### What you should do
What is needed is an exact copy of the whole listing below, with no pictures.

———

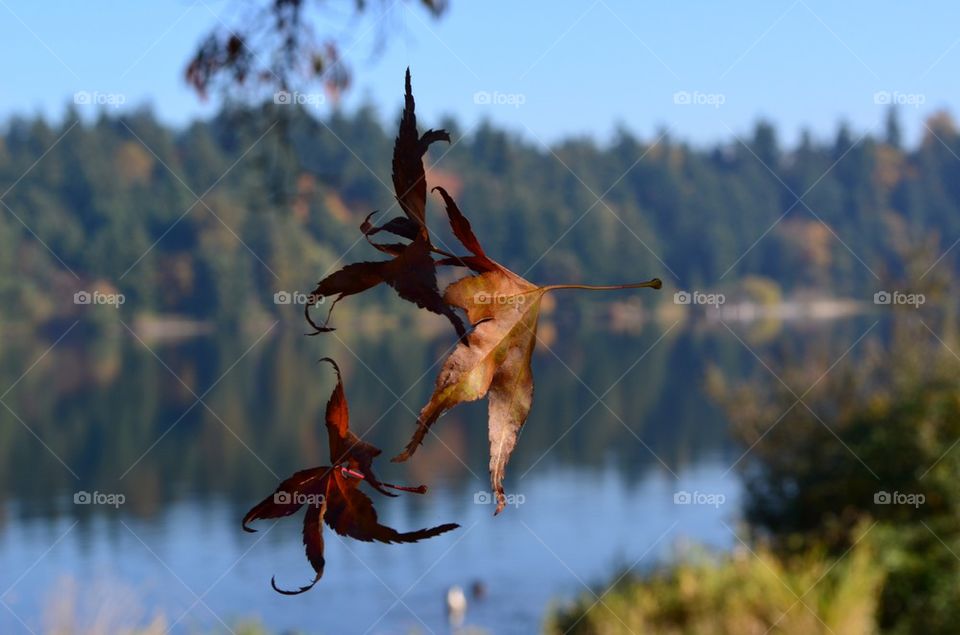 Leaves hanging from a web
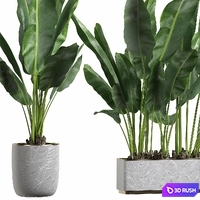 INTERIOR FLOWER PACK 1 3D Model Vray
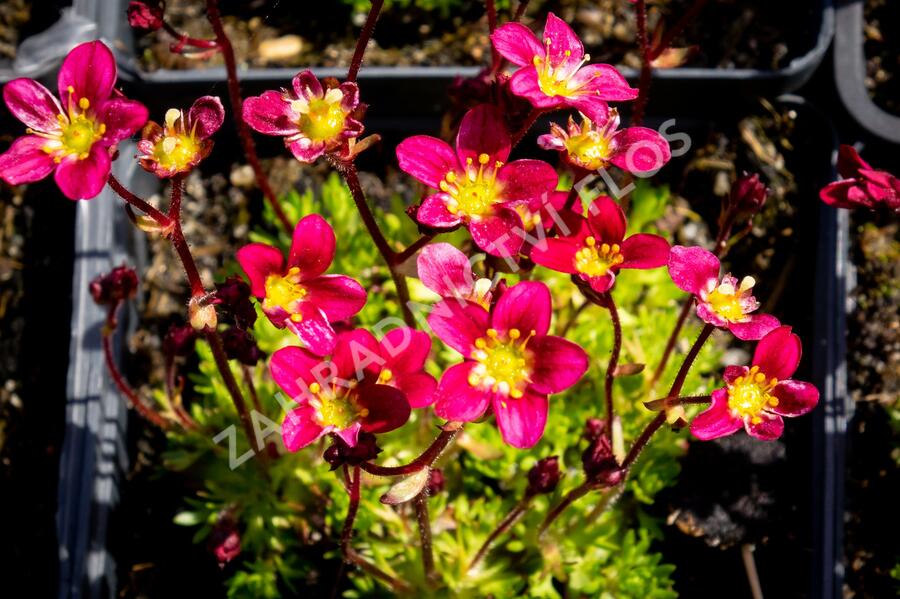 Lomikámen arendsův 'Peter Pan' - Saxifraga x arendsii 'Peter Pan'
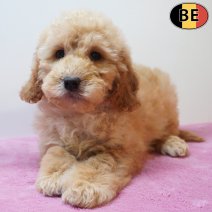 Cockapoo 30-03-26 F(BE6372) 03-06-26.jpg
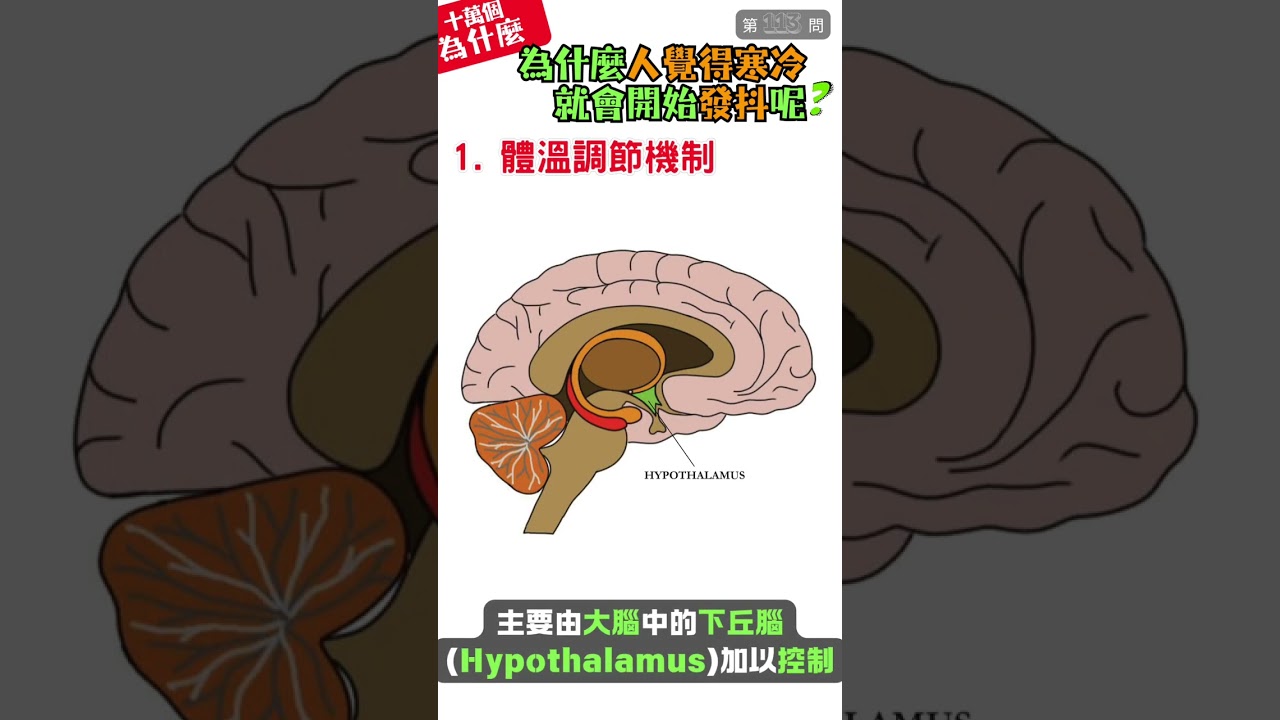 【十萬個為什麼】113. 為什麼人覺得寒冷，就會開始發抖呢？ #PopularScience #Why #科普 #為什麼 #人 #人類 #冷 #寒冷 #發抖 #寒顫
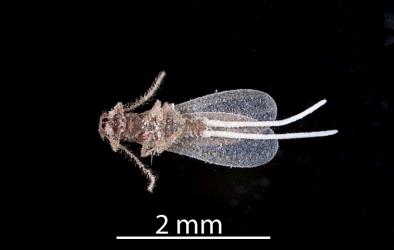 An underside of an adult male Long egg-sac mealybug, Paracoccus glaucus (Hemiptera: Pseudococcidae). Creator: Tim Holmes. © Plant & Food Research. [Image: 2REF]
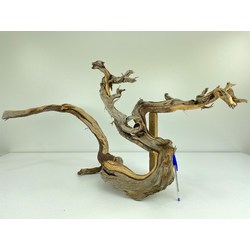 Wood for tanuki bonsai 52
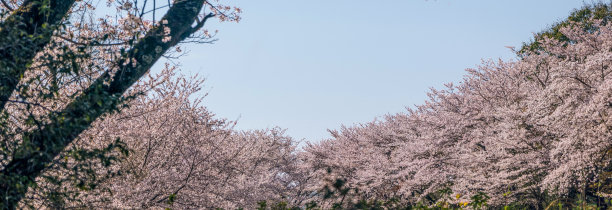 剪成横幅大小的吉野樱花盛开的图片。图片下载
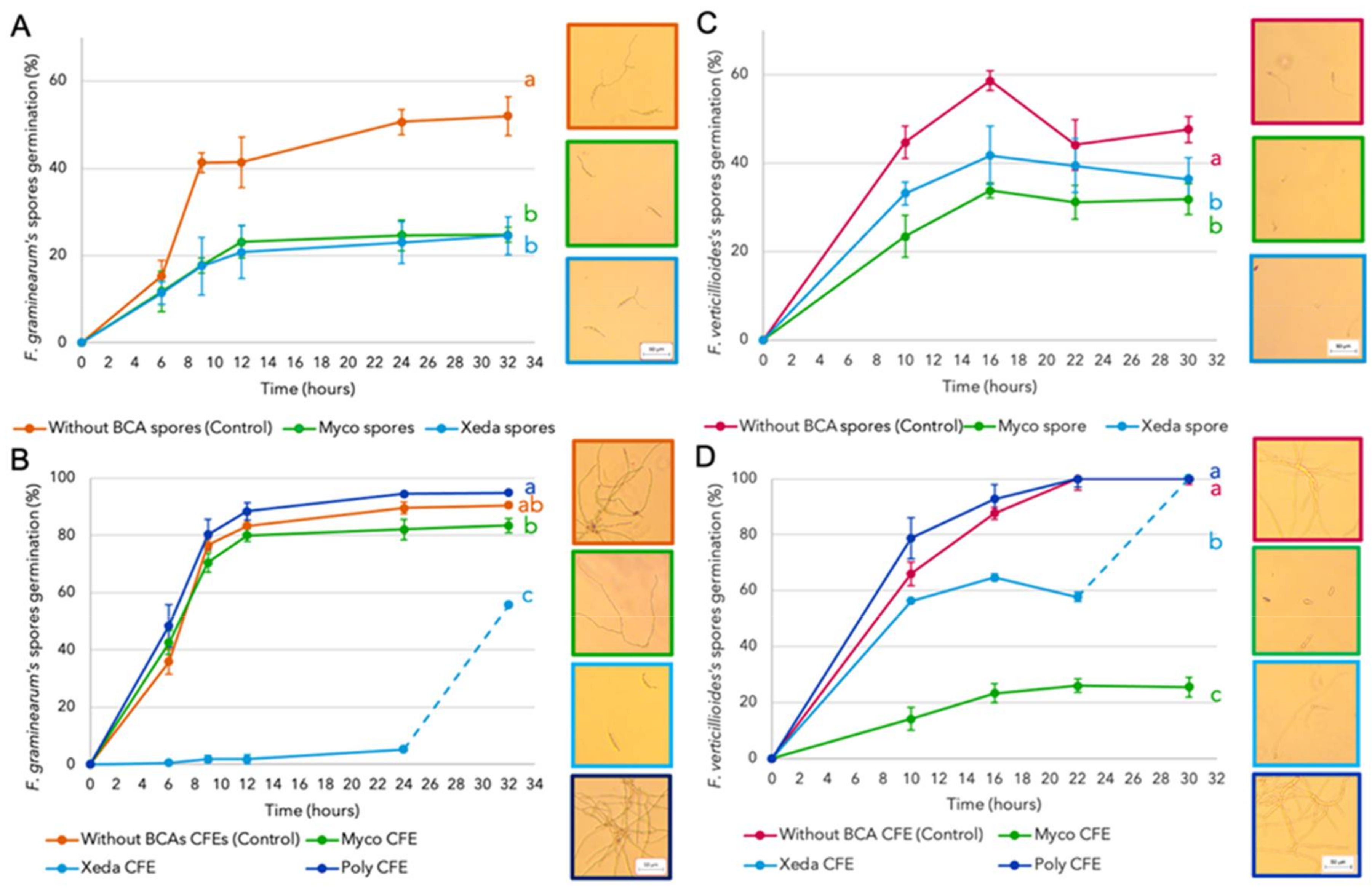 Jof 07 00446 g003 Jof 07 00446 g003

———

### Response
 Leaves hanging from a web
 INTERIOR FLOWER PACK 1 3D Model Vray
 Lomikámen arendsův 'Peter Pan' - Saxifraga x arendsii 'Peter Pan'
 Cockapoo 30-03-26 F(BE6372) 03-06-26.jpg
 【十萬個為什麼】113. 為什麼人覺得寒冷，就會開始發抖呢？ #PopularScience #Why #科普 #為什麼 #人 #人類 #冷 #寒冷 #發抖 #寒顫
 An underside of an adult male Long egg-sac mealybug, Paracoccus glaucus (Hemiptera: Pseudococcidae). Creator: Tim Holmes. © Plant & Food Research. [Image: 2REF]
 Wood for tanuki bonsai 52
 剪成横幅大小的吉野樱花盛开的图片。图片下载
 Jof 07 00446 g003 Jof 07 00446 g003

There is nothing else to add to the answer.